Here are some other key considerations:
Personal loan fees
Personal loans often charge origination fees. These can run as high as about 10 percent, so it’s important to shop around for the best deal. Origination fees are typically deducted from the amount you borrow, so if you’re charged a 10 percent fee and want to pay off $5,474 in credit card debt, you would actually have to ask for around $6,000 — including the fee.
Because of that, you might be better off applying for a personal loan with a lower origination fee, even if the interest rate is slightly higher. Some personal lenders don’t charge origination fees at all.
Consider other fees, too, such as prepayment fees (you’ll definitely want to avoid those if you plan on paying off the loan ahead of schedule). And recognize that interest rates can vary widely.
While some personal loans charge as little as 6 or 7 percent, the average is 10.60 percent. And the high end of the range — which represents what people with lower credit scores are charged — can exceed 30 percent in some cases.
Alternatives to personal loans
If your credit score needs some work, a debt management plan offered by a reputable nonprofit credit counseling agency might be a better choice. Money Management International, for instance, can often negotiate with your creditors and arrange a 6 percent rate over four or five years. That’s similar to the personal loan terms that are typically reserved for borrowers with the best credit, but nonprofit credit counseling agencies don’t require you to have stellar credit.
The average set-up fee for Money Management International’s debt management plans is $33, and the average monthly fee is $25. These can be a great deal. It’s worth noting that clients are generally expected to close the credit card accounts that they’re paying off. That may sound like tough love, but it can also be a beneficial way to set you up for success.
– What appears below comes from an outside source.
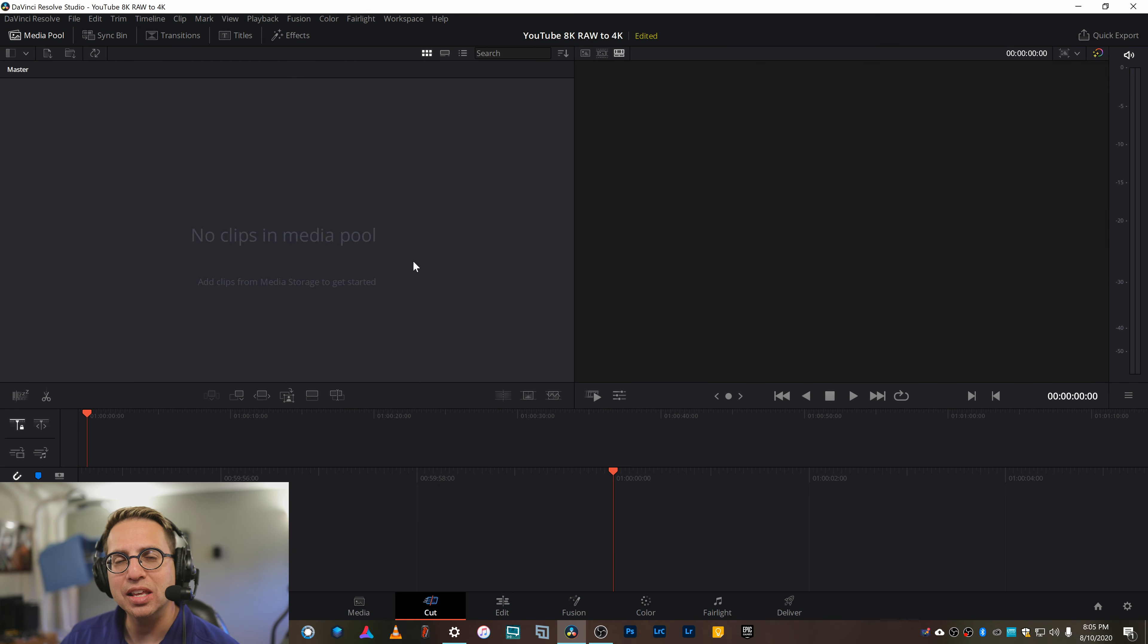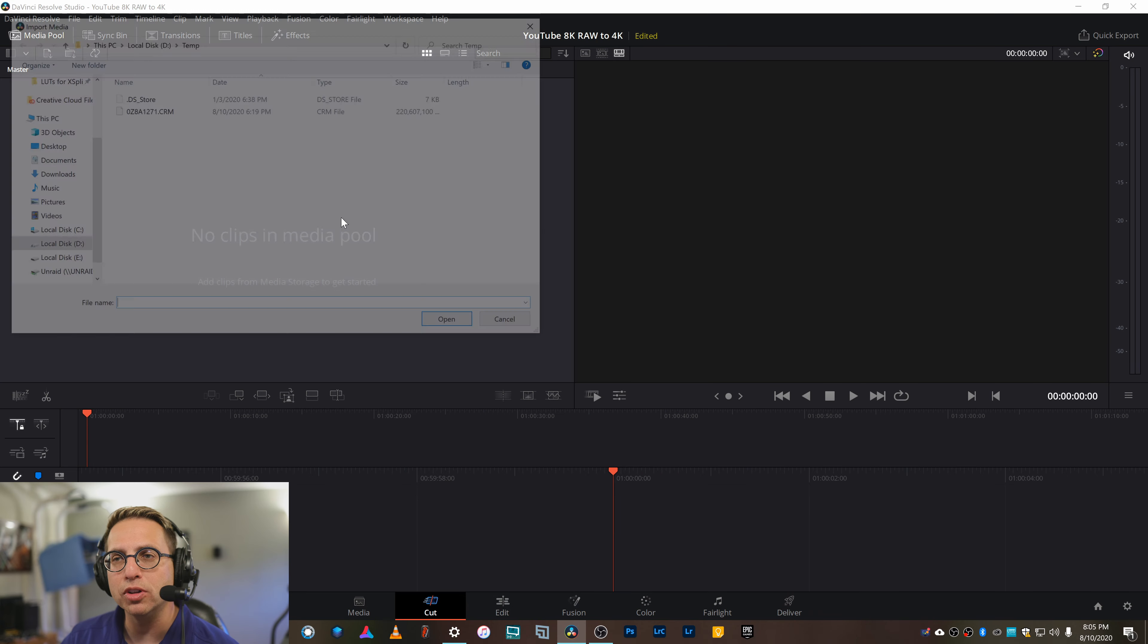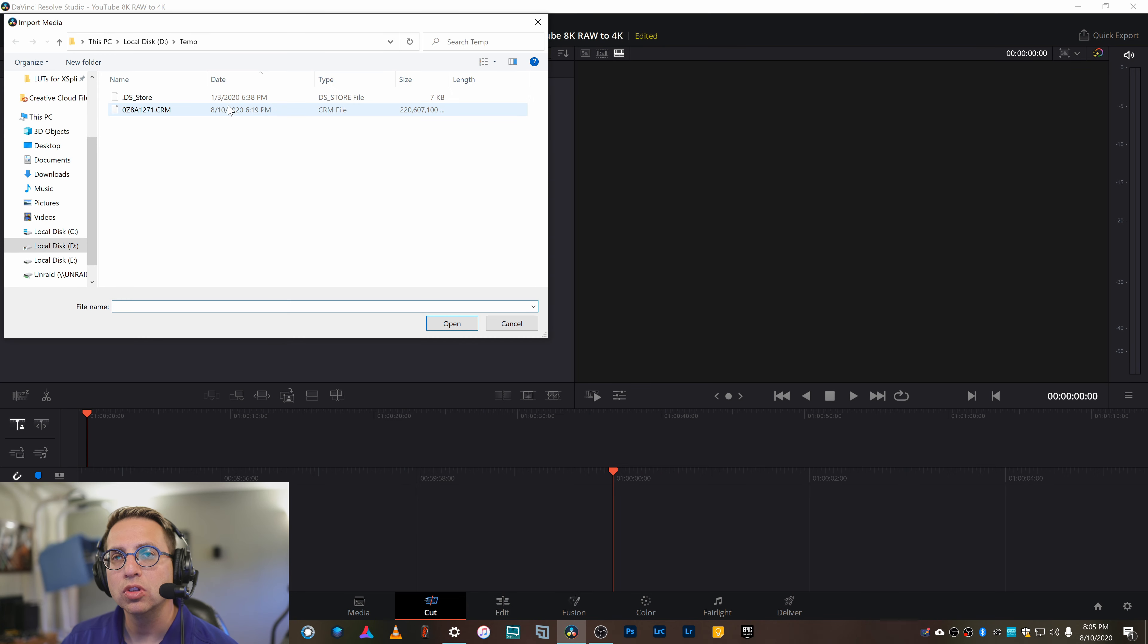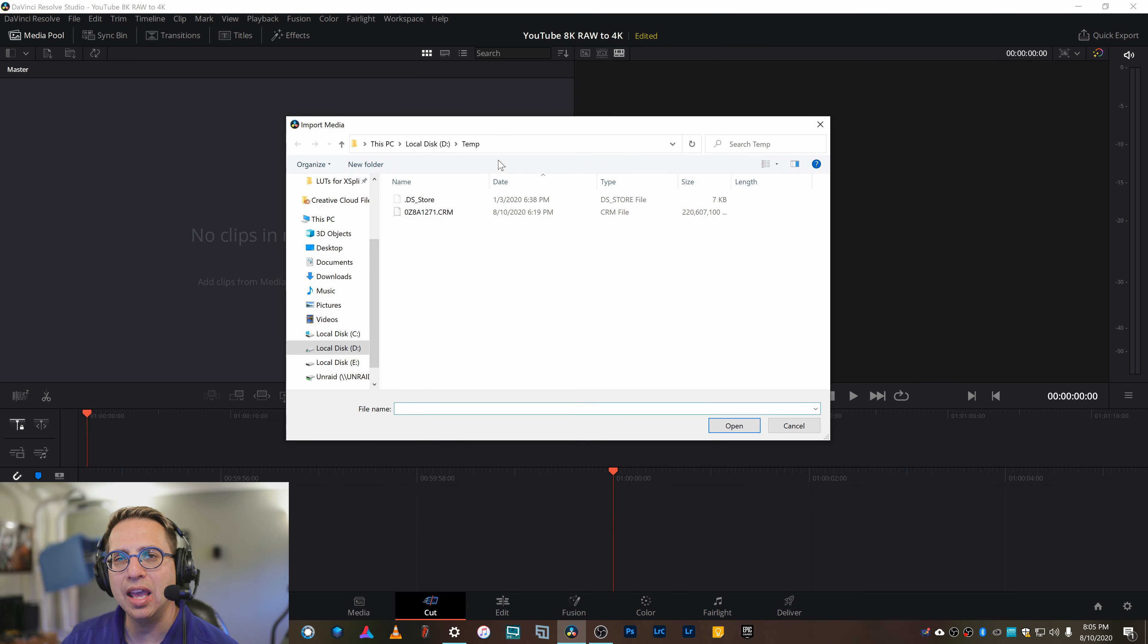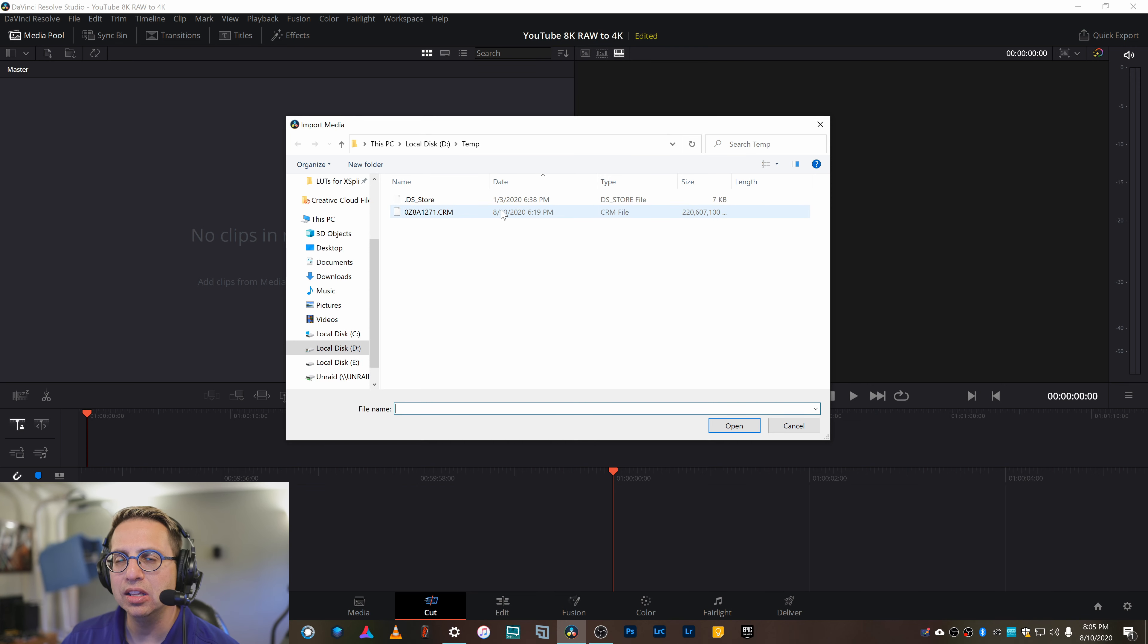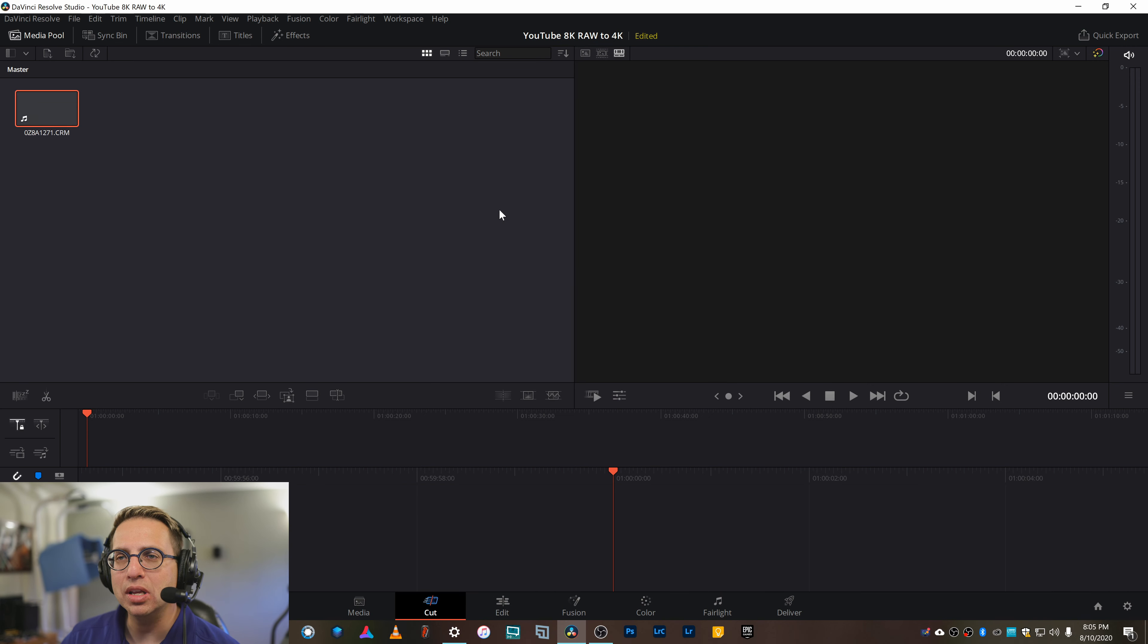Next step is I'm going to import the footage. It took about 10 minutes to copy a 12-minute file from the CFexpress card to my computer SSD. So let's go ahead and import that.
Another useful form of debt consolidation is to sign up for a 0 percent APR balance transfer credit card. These allow you to move your high-cost debt from one or more credit cards over to a new card that doesn’t charge interest, for up to 21 months. The main drawback is that this term is much shorter than many personal loans and debt management plans. The biggest advantage is you can completely avoid interest for nearly two years in some cases. Note that the typical balance transfer fee ranges from 3 to 5 percent, which runs between $164 and $274 in our example involving the average credit card balance of $5,474.
If you have a 21-month interest-free balance transfer offer and make equal monthly payments, you would need to pay about $261 per month in order to completely retire that $5,474 debt by the end of the term. That’s more than three times the monthly payment in the seven-year personal loan example, but you avoid interest entirely, and you’re debt free in a quarter of the time.
Balance transfer cards work best if you have good credit, are comfortable making these higher monthly payments and are a self-starter.
The bottom line
A personal loan might be your best option for paying down credit card debt if you have good credit and you’re comfortable managing your own finances, but you need a bit more time to knock out your balance. Personal loans tend to offer longer terms than 0 percent balance transfer credit cards.
Whichever debt payoff method you choose, make sure to keep your eyes on the prize. I suggest shifting your spending to a debit card or cash while you focus on knocking out your high-interest credit card debt. And forget about rewards for now, since it doesn’t make sense to pay 20 percent interest to get 2 percent cash back.
If you have credit card debt, seek the lowest interest rate for the longest period of time. For some people, that’s going to be a personal loan.